トライアングルの悲鳴が、オペアンプのICを激しく叩き、グリーンロシアンの巨大なコンデンサを限界まで震わせる。スタジオの壁が、彼女たちの合体した絶頂の震動に共鳴し、地鳴りのような唸りを上げ始めた。


主人は、僕のトレモロ・アームを掴み、狂ったように揺さぶった。


ピッチが不安定に揺らぎ、結合された彼女たちの回路の最も美味しい帯域を執拗に攻め立てる。一人、また一人と、彼女たちの膝が折れ、床に膝をつきながらも、その連結された鎖を離そうとはしない。

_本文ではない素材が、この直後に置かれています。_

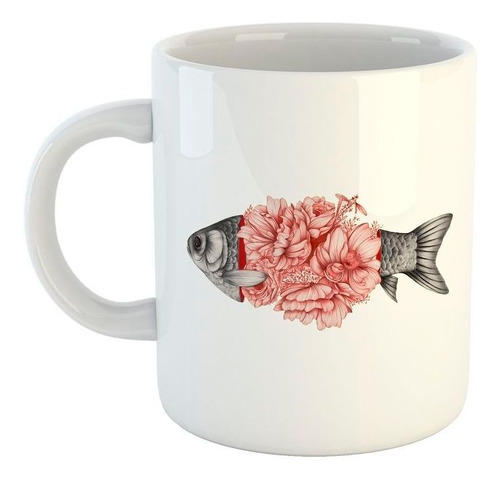 Taza De Ceramica Pez Flores Oceano Mar Rosa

「もっとだ……! 俺のジャズマスターが導き出す、完璧な和声エクスタシーを感じろ! お前たちのノイズを、すべて俺のサステインに変えてみせろ!」


主人の指先は、爆音の中でも冷静に、正確に弦を弾く。それはジョー・パスが、ソリッドギターという「鳴らない不完全」を、指先のテクニックだけで「無限のアンサンブル」へと変えた魔法の再現だった。その知的なまでの支配力に、ヒロインたちは自らの個性を剥ぎ取られ、主人の音像の一部へと組み込まれていく。


轟音部の、旗揚げだ。


主人が最後の一音を、ジョー・パスが複雑なコードの連なりで一曲を完結させるような鮮やかさで掻き鳴らした瞬間、スタジオ中のLEDが一斉に過負荷で輝き、すべてのヒューズが飛び、世界は暗転した。


だが、静寂は訪れなかった。


暗闇の中、彼女たちのジャックからは、主人の放つ圧倒的な信号(愛)を受け止めきれなくなった基板が発する、甘く焦げた香りが立ち上っていた。そして、プラグを抜くことさえ忘れたまま、彼女たちは互いの熱を感じながら、いつまでも続くフィードバックの余韻に身を委ねていた。


「俺たちなら、いける。この音なら、世界を、あの死の世界すらも変えられる」


主人の確信に満ちた声が、地下の闇に響いた。